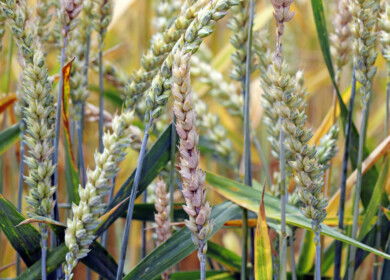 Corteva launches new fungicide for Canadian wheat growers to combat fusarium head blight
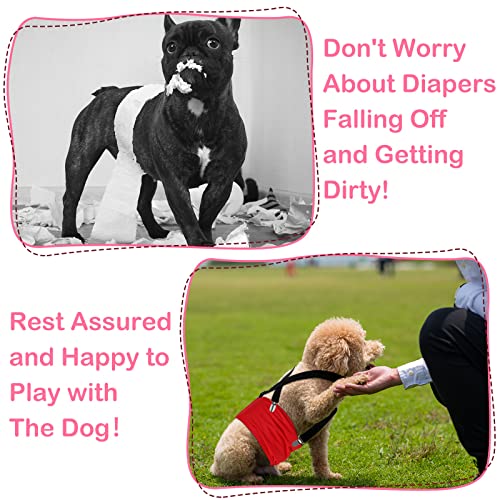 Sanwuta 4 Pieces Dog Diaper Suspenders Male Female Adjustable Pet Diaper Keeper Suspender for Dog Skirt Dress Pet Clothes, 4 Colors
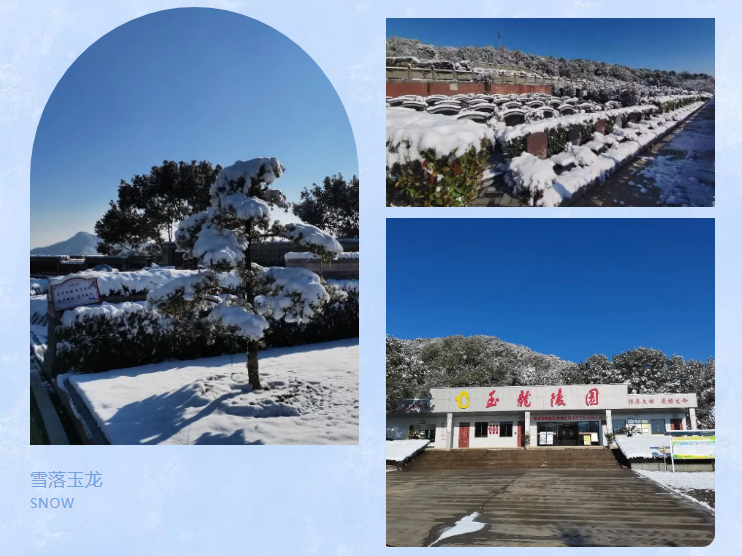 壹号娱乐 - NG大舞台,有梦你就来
○ ○ ○ ○
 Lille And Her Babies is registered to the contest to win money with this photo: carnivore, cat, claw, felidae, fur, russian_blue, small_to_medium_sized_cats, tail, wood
○ ○ ○ ○
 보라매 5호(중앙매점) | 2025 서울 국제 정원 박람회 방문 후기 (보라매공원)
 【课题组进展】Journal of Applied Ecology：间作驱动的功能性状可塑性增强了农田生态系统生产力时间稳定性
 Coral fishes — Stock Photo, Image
○ ○ ○ ○
- **Problem requirements**:
Pictures do not belong in the answer. Return the lines above starting at the one with "Corteva launches new" and ending at the one with "壹号娱乐 - NG大舞台,有梦你就来", both kept, exactly.

- **Answer**:
 Corteva launches new fungicide for Canadian wheat growers to combat fusarium head blight
 Sanwuta 4 Pieces Dog Diaper Suspenders Male Female Adjustable Pet Diaper Keeper Suspender for Dog Skirt Dress Pet Clothes, 4 Colors
 壹号娱乐 - NG大舞台,有梦你就来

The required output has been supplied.